İstisnai bir kusurluluk şekli olan taksir, 5237 sayılı TCK’nın 22/2. maddesinde “dikkat ve özen yükümlülüğüne aykırılık dolayısıyla, bir davranışın suçun kanuni tanımında belirtilen neticesi öngörülmeyerek gerçekleştirilmesi” şeklinde tanımlanmıştır. Toplumsal yaşamda belli faaliyetlerde bulunan kimselerin başkalarına zarar vermemek için bir takım önlemler alması ve bazı davranış kurallarına uyma zorunlulukları bulunmaktadır. Bu kurallar toplum olarak yaşama zorunluluğundan doğabileceği gibi, Devletin müdahalesiyle de ortaya çıkabilmektedir. Taksirli suç, bu kuralların ihlal edilmesi sonucu belirir, fail tedbirli ve öngörülü davranmamış olduğu için cezalandırılır. Bu bakımdan sorumluluğun nedeni, öngörebilme imkan ve ödevinin varlığına rağmen sonuca iradi bir hareketle neden olmaktan kaynaklanmaktadır.

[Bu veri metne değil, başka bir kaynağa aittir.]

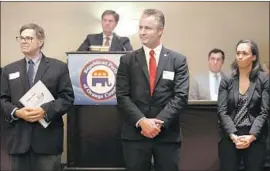  ?? Luis Sinco Los Angeles Times ?? STEVE FRANK, Travis Allen and Jessica Patterson, candidates for chair of the California Republican Party, attend a meeting of GOP delegates in Costa Mesa.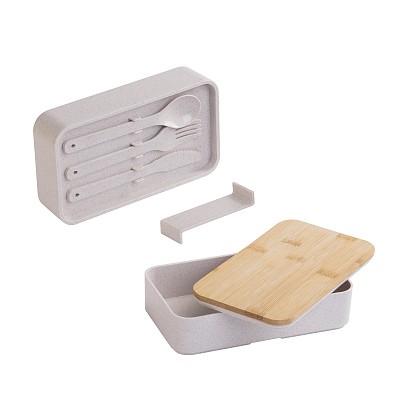 Контейнер для ланча "Natural" с приборами, натуральный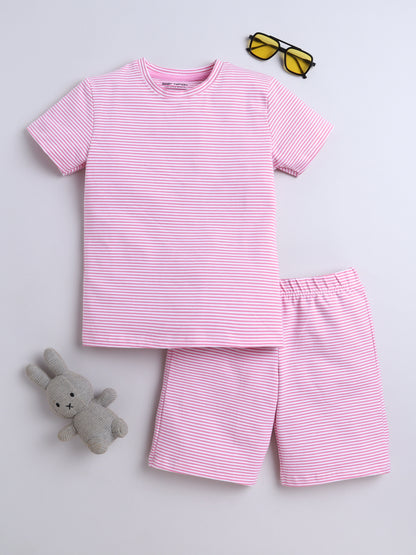Baby Nation Cotton Knit Half Sleeve Coord Short Set -Small Pink Stripes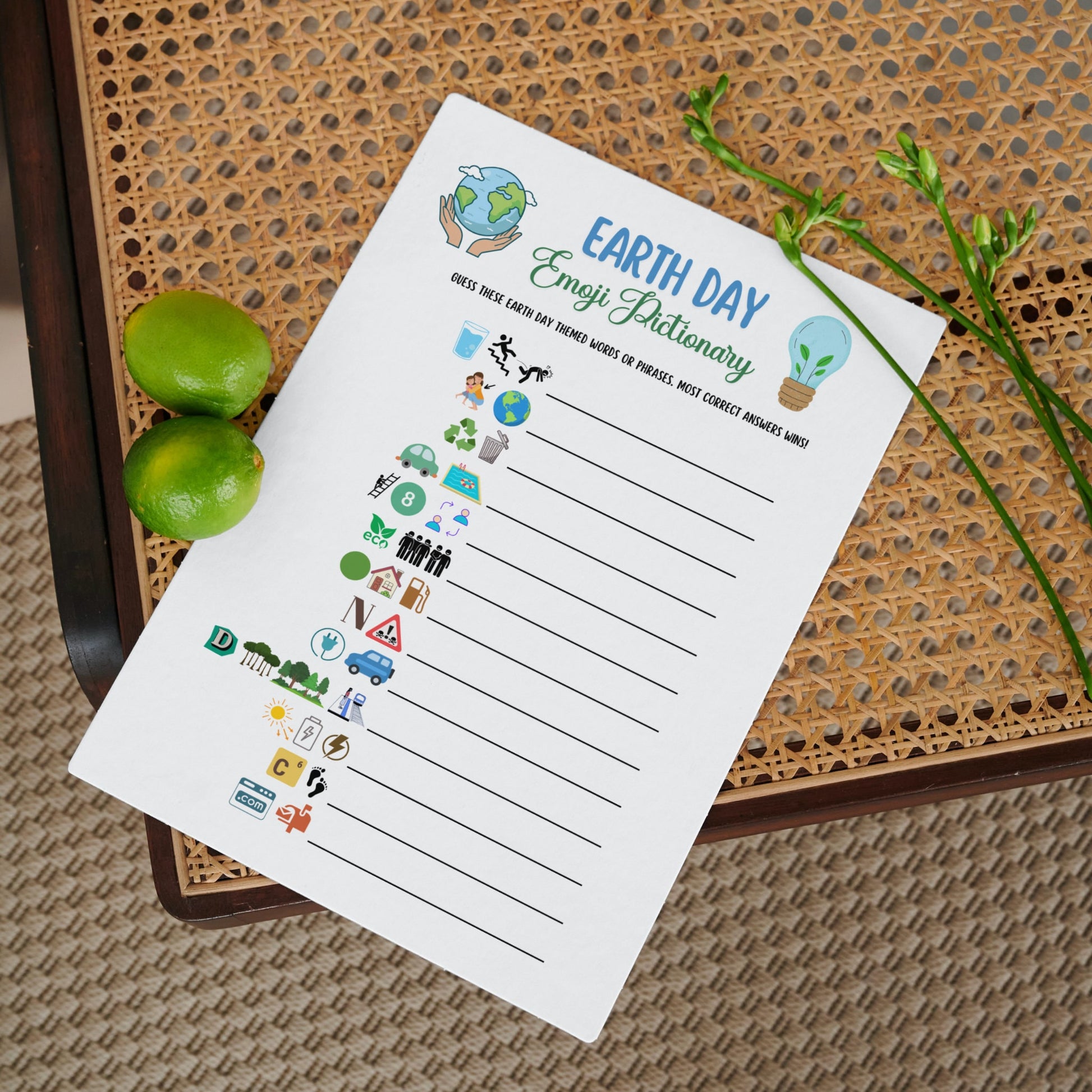 Earth Day Emoji Pictionary Game Printable, Party Game for Kids And Adults, Environmental Activity, Family Game, Classroom Game, Work Party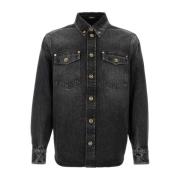 Versace Stilren Svart Denim Skjorta Black, Herr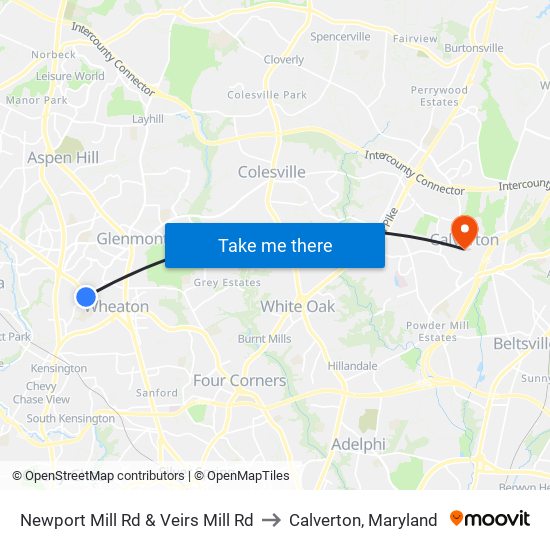 Newport Mill Rd & Veirs Mill Rd to Calverton, Maryland map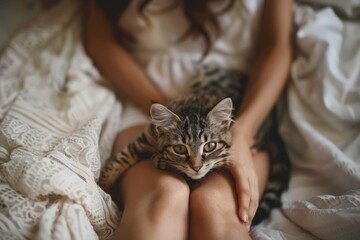 cat lies on the lap of a young woman - obrazy, fototapety, plakaty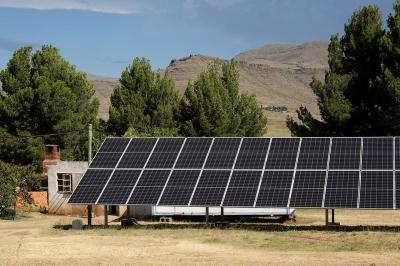 Solar panels at Partners In Health-supported Nkau Health Center in Mohale's Hoek District, Lesotho.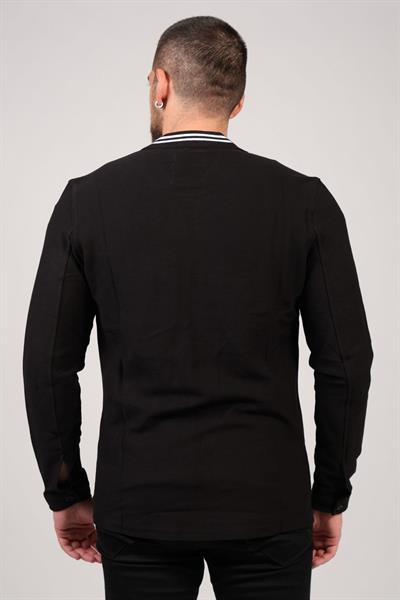 Erkek Dik Yaka Fermuarlı Sweat Siyah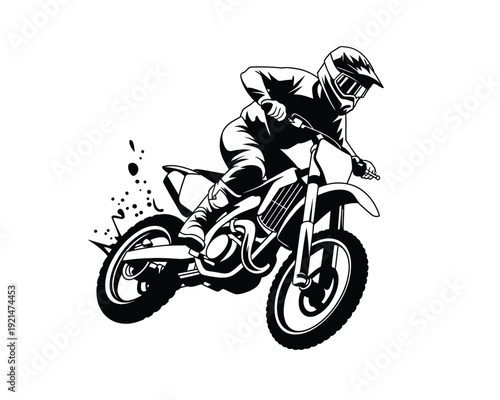 Dynamic motocross rider in action - minimalist black and white vector illustration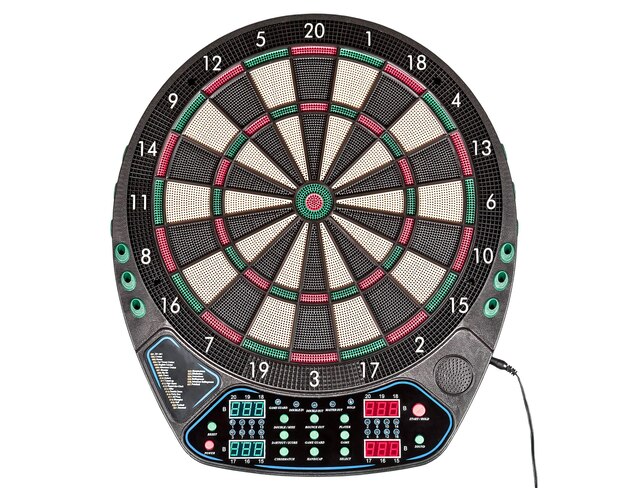 Electronic darts board on white background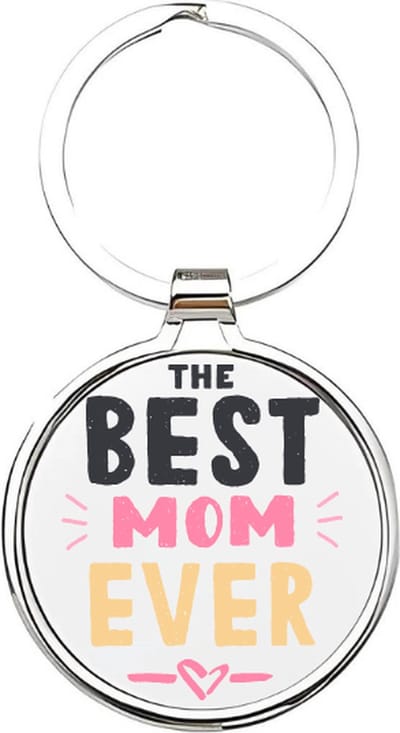 Akyol - The best mom ever Sleutelhanger - mama - Moeders - Moeder sleutelhanger - mama sleutelhanger - Sleutelhanger mam - Familie sleutelhanger - moederdag cadeautje - Mama cadeau - mom - stiefmoeder - schoonmoeder - mothersday - 4 x 7,5 CM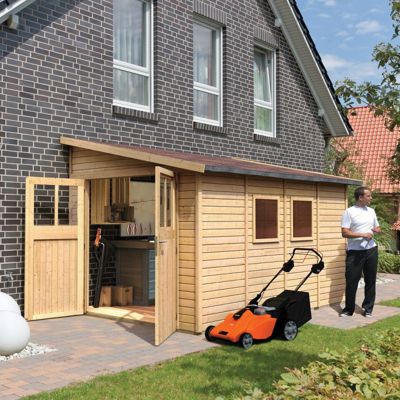 Abri de jardin adossé Karibu Bomlitz 4 en épicéa massif 19mm 8,27m² avec embase traitée autoclave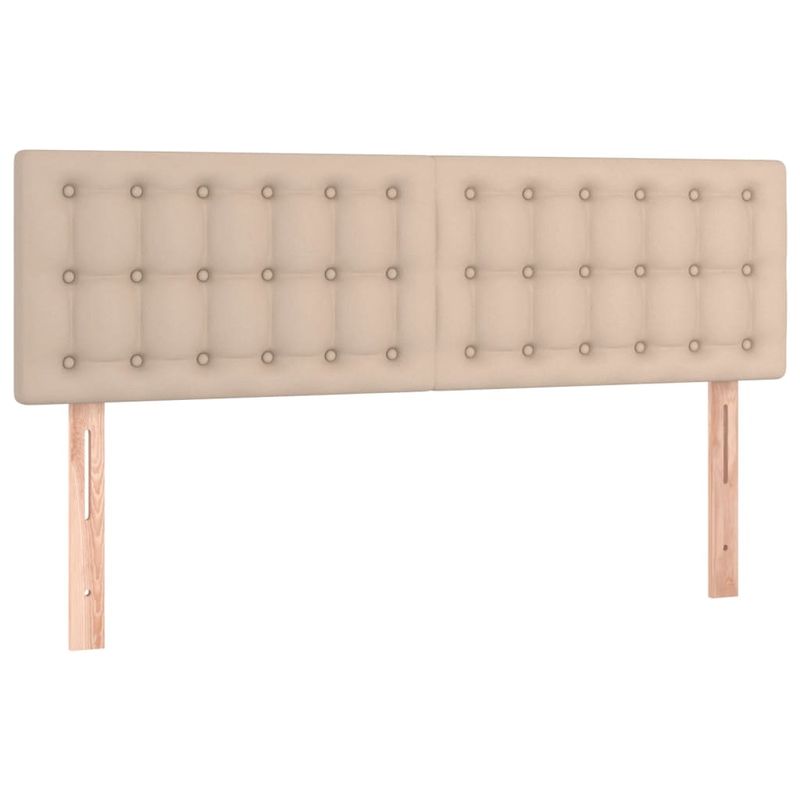 Casa si Gradina - Mobilier - Paturi si accesorii - Accesorii paturi - Tablie de pat cu LED cappuccino 144x5x78/88 cm piele ecologica - Infinity.ro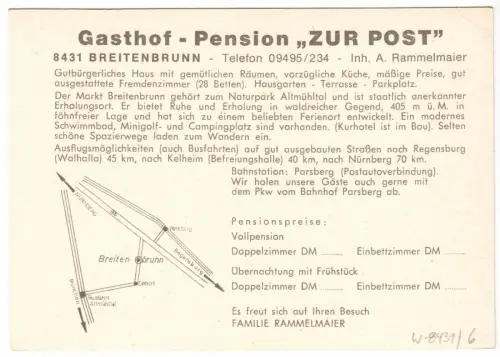 AK, Breitenbrunn Opf., Gasthof - Pension "Zur Post", vier Abb., um 1980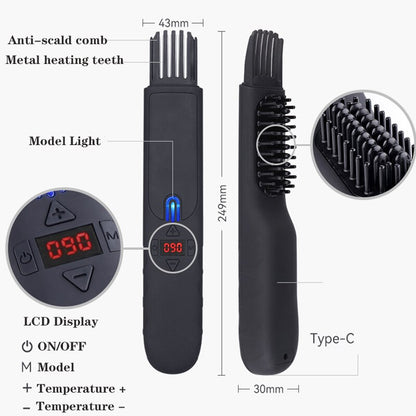 Wireless Beard Straightener Comb for Men Hair Hot Comb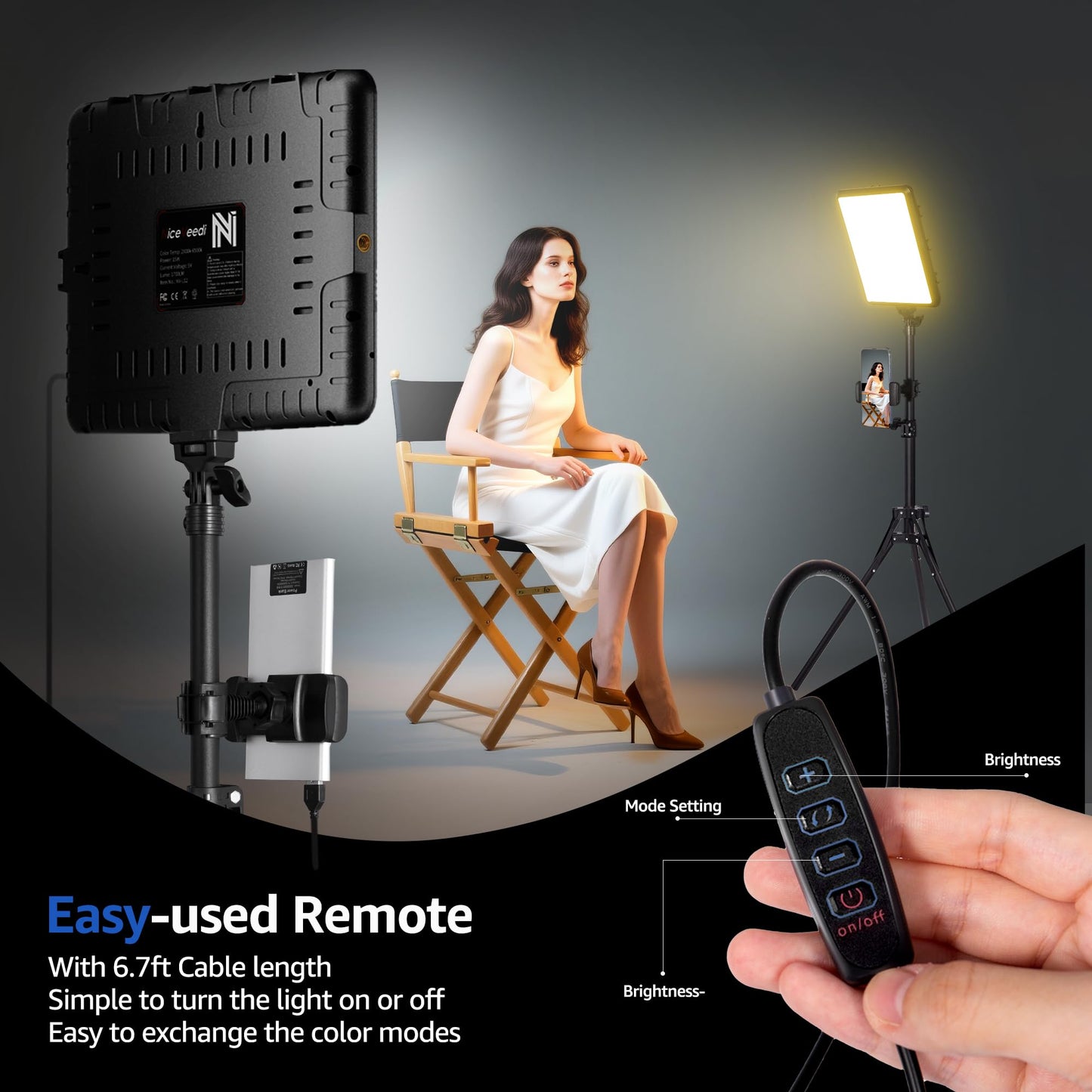 1-Pack LED Video Light Kit, NiceVeedi Photography Lighting Kit, 2800-6500K Dimmable Studio Light with Tripod Stand & Phone Holder, 73" Stream Light for Video Recording, Game Streaming, YouTube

Yargıtay Ceza Genel Kurulunun 25.03.2008 tarih ve 43-62; 01.02.2005 tarih ve 213; 23.03.2004 tarih ve 12-68; 09.10.2001 tarih ve 181-204; 21.10.1997 tarih ve 99-202 sayılı kararları başta olmak üzere, birçok kararında da vurgulandığı üzere, öğretide ve uygulamada taksirin unsurları;
1- Fiilin taksirle işlenebilen bir suç olması,
2- Hareketin iradiliği,
3- Neticenin iradi olmaması,
4- Hareketle netice arasında nedensellik bağının bulunması,
5- Neticenin öngörülebilir olmasına rağmen öngörülmemiş olması, şeklinde kabul
edilmektedir.
Bilinçli taksir ise 5237 sayılı TCK’nın 22/3. maddesinde, “kişinin öngördüğü neticeyi istememesine karşın, neticenin meydana gelmesi” olarak tanımlanmıştır. Taksir ile bilinçli taksir arasındaki ayırıcı ölçüt, taksirde failin öngörülebilir nitelikteki neticeyi öngörmemesi, bilinçli taksir halinde ise bu neticeyi öngörmüş olmasıdır. Bilinçli taksirde gerçekleşen sonuç, fail tarafından öngörüldüğü halde istenmemiştir. Gerçekten neticeyi öngördüğü halde, sırf şansına veya başka etkenlere, hatta kendi beceri veya bilgisine güvenerek hareket eden kimsenin tehlike hali, bunun öngörmemiş olan kimsenin tehlike hali ile bir tutulamaz; neticeyi öngören kimse, ne olursa olsun, bu neticeyi meydana getirecek harekette bulunmamakla yükümlüdür.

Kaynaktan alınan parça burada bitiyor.